Trotz des mäßigen Erfolges seiner November-Ausstellung verliert er in der Folge unter ungeklärten Umständen die Gunst von Durand-Ruel. Mathews bezeichnet dies als eine Tragödie für Gauguins Karriere. Unter anderem verlor er die Chance, auf dem amerikanischen Markt Fuß zu fassen. Zu Beginn des Jahres 1894 bereitet er Holzschnitte in einer experimentellen Technik für seinen geplanten Reisebericht Noa Noa vor. Er kehrt für den Sommer nach Pont-Aven zurück. Im Februar 1895 versucht er im Pariser Hôtel Drouot eine Versteigerung seiner Gemälde, ähnlich der von 1891, die jedoch nicht erfolgreich ist. Der Händler Ambroise Vollard stellte seine Gemälde jedoch im März 1895 in seiner Galerie aus, aber leider kamen sie zu diesem Zeitpunkt nicht zustande.

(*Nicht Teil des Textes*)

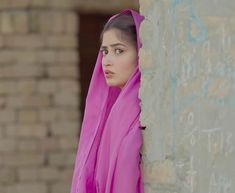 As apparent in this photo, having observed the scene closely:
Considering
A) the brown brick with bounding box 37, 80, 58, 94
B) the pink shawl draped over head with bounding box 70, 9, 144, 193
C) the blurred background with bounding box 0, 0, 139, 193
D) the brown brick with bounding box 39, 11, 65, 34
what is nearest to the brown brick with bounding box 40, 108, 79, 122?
the blurred background with bounding box 0, 0, 139, 193

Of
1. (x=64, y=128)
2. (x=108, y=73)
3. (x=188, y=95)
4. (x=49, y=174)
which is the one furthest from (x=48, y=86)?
(x=188, y=95)

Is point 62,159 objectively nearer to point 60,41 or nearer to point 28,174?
point 28,174

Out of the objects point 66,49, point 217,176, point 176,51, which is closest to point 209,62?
point 176,51

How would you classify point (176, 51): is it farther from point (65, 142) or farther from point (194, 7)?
point (65, 142)

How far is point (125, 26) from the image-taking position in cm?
344

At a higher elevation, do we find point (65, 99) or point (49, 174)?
point (65, 99)

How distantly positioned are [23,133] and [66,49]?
759 millimetres

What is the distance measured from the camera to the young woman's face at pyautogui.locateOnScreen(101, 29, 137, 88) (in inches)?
134

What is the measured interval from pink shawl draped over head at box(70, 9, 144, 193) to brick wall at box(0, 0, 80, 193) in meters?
3.20

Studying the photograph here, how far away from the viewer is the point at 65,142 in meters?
6.82

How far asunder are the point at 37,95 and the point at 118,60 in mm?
3443

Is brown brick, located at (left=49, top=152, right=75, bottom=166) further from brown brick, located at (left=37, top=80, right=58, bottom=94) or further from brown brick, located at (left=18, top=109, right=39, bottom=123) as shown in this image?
brown brick, located at (left=37, top=80, right=58, bottom=94)

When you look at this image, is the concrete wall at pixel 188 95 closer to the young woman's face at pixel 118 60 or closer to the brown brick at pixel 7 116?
the young woman's face at pixel 118 60

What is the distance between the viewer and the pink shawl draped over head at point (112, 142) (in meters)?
3.24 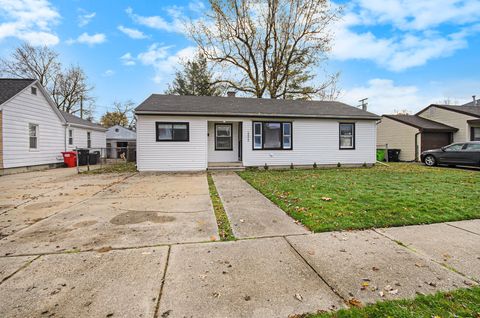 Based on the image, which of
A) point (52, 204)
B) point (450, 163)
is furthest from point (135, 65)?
point (450, 163)

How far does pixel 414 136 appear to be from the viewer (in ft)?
56.8

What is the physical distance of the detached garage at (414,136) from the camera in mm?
17188

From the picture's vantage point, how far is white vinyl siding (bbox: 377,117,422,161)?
1753 cm

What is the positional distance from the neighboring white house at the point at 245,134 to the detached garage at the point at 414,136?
6.68m

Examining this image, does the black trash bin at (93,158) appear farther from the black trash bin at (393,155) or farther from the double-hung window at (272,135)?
the black trash bin at (393,155)

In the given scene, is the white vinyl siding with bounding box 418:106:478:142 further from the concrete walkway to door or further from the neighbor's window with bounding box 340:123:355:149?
the concrete walkway to door

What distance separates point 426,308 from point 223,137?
11.7 metres

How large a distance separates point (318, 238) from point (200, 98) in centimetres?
1241

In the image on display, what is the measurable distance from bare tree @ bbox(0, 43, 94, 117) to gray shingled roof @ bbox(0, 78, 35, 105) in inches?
772

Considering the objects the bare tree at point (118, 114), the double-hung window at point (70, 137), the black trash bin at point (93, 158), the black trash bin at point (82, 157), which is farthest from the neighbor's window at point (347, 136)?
the bare tree at point (118, 114)

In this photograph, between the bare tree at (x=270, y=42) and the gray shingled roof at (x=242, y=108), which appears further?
the bare tree at (x=270, y=42)

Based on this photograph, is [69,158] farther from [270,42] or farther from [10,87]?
[270,42]

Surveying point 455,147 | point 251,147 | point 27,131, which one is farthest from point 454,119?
point 27,131

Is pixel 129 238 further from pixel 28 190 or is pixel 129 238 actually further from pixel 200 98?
pixel 200 98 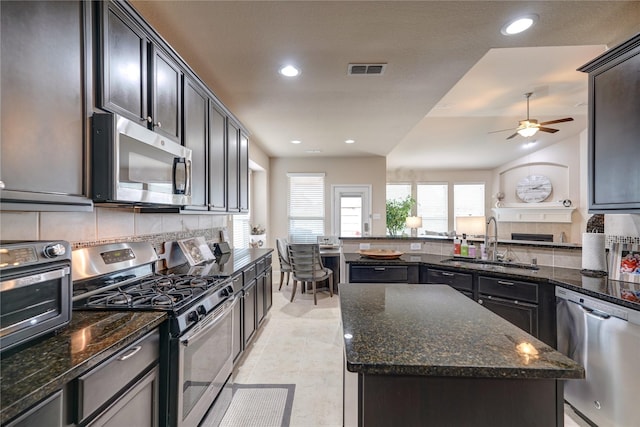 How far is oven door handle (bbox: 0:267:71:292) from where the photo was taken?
35.1 inches

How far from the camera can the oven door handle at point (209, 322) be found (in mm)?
1424

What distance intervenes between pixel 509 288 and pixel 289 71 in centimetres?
260

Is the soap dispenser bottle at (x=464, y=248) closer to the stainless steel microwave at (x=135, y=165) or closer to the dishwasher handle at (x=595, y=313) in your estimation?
the dishwasher handle at (x=595, y=313)

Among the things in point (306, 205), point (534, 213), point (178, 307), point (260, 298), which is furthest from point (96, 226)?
point (534, 213)

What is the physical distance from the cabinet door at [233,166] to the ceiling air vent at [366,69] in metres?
1.40

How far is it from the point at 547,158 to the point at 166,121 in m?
8.59

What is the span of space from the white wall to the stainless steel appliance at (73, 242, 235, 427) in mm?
4356

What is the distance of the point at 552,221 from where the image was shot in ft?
23.4

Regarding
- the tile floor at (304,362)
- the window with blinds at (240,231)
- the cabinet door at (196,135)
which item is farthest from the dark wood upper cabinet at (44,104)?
the window with blinds at (240,231)

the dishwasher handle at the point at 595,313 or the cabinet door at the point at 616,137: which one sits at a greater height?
the cabinet door at the point at 616,137

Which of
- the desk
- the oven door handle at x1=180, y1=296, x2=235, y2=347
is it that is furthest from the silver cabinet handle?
the desk

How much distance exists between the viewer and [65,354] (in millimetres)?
914

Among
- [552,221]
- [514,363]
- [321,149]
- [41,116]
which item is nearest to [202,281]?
[41,116]

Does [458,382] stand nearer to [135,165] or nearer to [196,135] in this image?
[135,165] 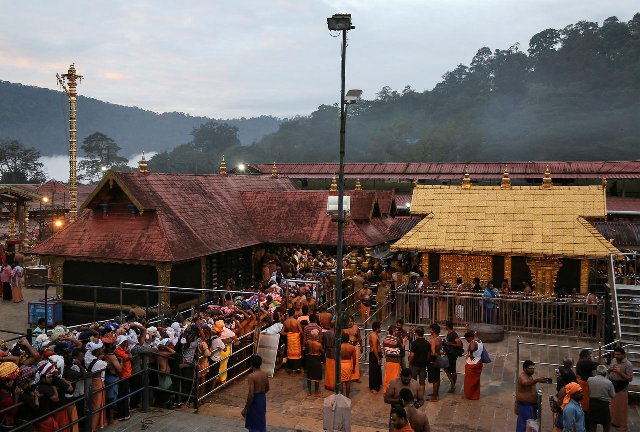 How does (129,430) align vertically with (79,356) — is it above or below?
below

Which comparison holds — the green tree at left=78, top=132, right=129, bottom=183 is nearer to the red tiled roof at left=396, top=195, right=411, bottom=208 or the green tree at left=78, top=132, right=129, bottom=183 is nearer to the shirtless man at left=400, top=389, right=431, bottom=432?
the red tiled roof at left=396, top=195, right=411, bottom=208

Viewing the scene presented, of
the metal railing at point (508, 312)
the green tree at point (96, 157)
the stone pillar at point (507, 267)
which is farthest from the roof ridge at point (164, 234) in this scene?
the green tree at point (96, 157)

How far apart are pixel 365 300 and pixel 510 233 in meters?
6.42

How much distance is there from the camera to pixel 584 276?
728 inches

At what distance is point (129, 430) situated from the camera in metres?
10.0

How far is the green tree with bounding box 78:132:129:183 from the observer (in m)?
98.4

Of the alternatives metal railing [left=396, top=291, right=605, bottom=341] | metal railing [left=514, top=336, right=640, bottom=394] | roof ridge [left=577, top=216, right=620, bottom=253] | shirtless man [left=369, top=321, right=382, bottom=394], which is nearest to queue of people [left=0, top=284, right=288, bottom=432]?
shirtless man [left=369, top=321, right=382, bottom=394]

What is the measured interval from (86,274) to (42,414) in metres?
11.0

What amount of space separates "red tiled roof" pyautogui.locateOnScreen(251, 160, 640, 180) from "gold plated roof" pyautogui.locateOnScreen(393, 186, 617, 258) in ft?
56.6

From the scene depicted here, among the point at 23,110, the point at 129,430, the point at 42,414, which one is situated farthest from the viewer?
the point at 23,110

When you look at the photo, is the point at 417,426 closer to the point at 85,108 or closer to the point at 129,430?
the point at 129,430

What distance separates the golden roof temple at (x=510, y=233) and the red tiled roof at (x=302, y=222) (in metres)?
2.79

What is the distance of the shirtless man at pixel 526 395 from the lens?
941 centimetres

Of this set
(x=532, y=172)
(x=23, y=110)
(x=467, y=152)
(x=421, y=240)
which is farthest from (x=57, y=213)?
(x=23, y=110) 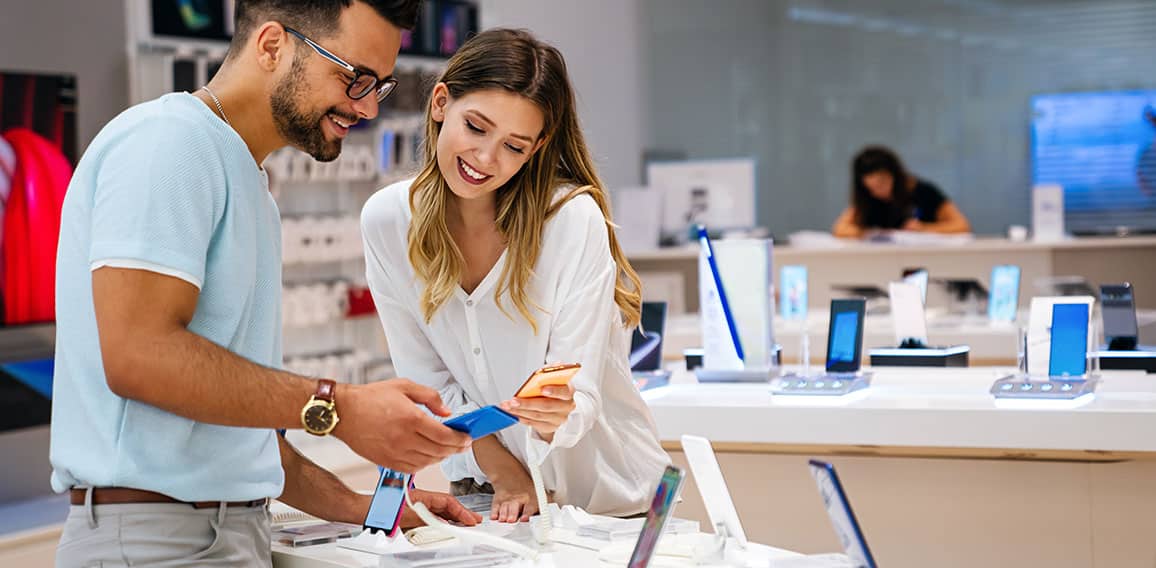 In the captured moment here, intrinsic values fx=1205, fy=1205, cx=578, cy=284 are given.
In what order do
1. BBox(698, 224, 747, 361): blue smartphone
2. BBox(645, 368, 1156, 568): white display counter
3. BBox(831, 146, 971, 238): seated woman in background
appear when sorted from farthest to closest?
BBox(831, 146, 971, 238): seated woman in background
BBox(698, 224, 747, 361): blue smartphone
BBox(645, 368, 1156, 568): white display counter

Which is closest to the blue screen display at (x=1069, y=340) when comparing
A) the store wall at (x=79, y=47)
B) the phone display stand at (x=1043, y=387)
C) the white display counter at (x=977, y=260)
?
the phone display stand at (x=1043, y=387)

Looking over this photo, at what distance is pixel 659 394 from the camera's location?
3100 millimetres

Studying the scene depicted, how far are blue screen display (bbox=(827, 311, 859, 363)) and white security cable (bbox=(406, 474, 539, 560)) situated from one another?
1.33 meters

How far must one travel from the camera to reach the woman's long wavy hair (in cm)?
217

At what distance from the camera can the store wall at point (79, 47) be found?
15.1 ft

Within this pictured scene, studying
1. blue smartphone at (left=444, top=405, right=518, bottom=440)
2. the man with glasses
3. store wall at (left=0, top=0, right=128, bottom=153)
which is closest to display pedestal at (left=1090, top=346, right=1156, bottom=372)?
blue smartphone at (left=444, top=405, right=518, bottom=440)

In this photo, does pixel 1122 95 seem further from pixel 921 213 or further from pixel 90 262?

Für den im April 1895 eröffneten Salon der Société Nationale des Beaux-Arts reichte er eine große Keramikskulptur namens Oviri ein, die er im Winter zuvor gebrannt hatte. Es gibt widersprüchliche Versionen darüber, wie sie aufgenommen wurde: Sein Biograf und Noa Noa-Mitarbeiter, der symbolistische Dichter Charles Morice, behauptete (1920), dass das Werk „buchstäblich von der Ausstellung ausgeschlossen“ wurde, während Vollard sagte (1937), dass das Werk nur zugelassen wurde, als Chaplet drohte, alle seine eigenen Werke zurückzuziehen. Auf jeden Fall nutzte Gauguin die Gelegenheit, um seine Bekanntheit zu steigern, indem er einen empörten Brief über den Zustand der modernen Keramik an Le Soir schrieb.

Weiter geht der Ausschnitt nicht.